Die wesentlichen Nachlassplanungsdokumente

Zu den Bausteinen eines guten Nachlassplans gehören eine Absichtserklärung, ein Testament, eine Patientenverfügung, eine Patientenverfügung, eine dauerhafte Vorsorgevollmacht und die Benennung des Begünstigten. Und wie bereits erwähnt, kann es für manche Menschen von Vorteil sein, einen widerruflichen Living Trust in ihren Nachlassplan aufzunehmen.

Überprüfen Sie Ihren Nachlassplan regelmäßig

Sobald Sie Ihren Nachlassplan erstellt haben, sollten Sie ihn nicht einfach in eine Schublade stecken und vergessen. Als Faustregel gilt, dass sich die Situation einer Person alle drei bis sechs Monate ändert.
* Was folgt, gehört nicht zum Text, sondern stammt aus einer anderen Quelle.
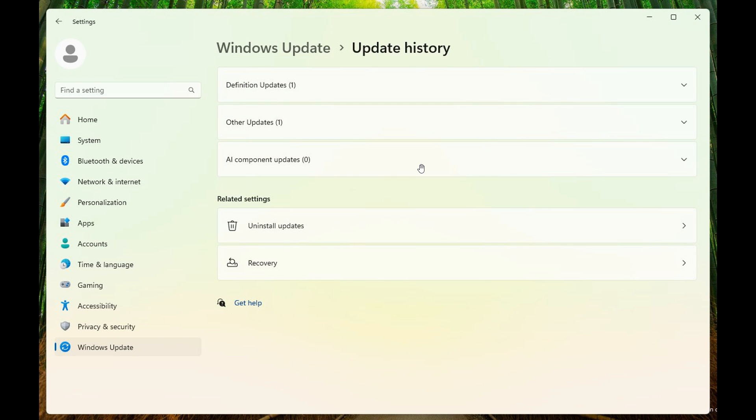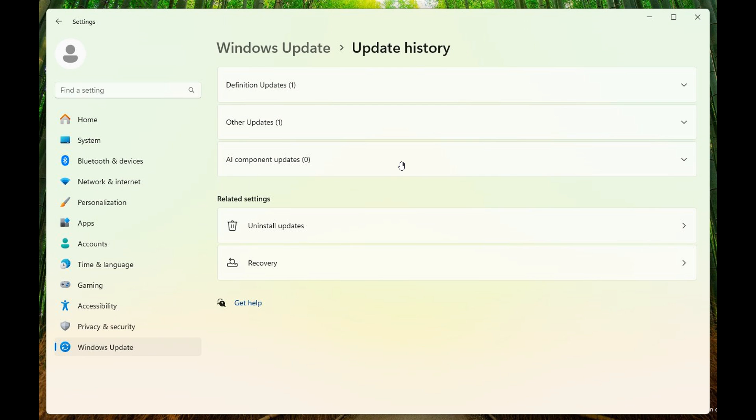From this, it looks like it will allow you to view updates installed for artificial intelligence. The AI Component Updates could be anything related to features like AI Explorer, which as mentioned, is also now possibly known as Recall and Snapshots.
Sie können heiraten oder sich scheiden lassen, Kinder oder Enkelkinder haben, einen geliebten Menschen verlieren, in einen neuen Staat ziehen oder ein Unternehmen kaufen oder verkaufen. Auch die Landes- und Bundesgesetze ändern sich ständig, sodass Sie Ihren Plan möglicherweise entsprechend anpassen müssen. Sie sollten Ihren Plan mindestens halbjährlich überprüfen, um sicherzustellen, dass er weiterhin Ihren Nachlassplanungszielen entspricht.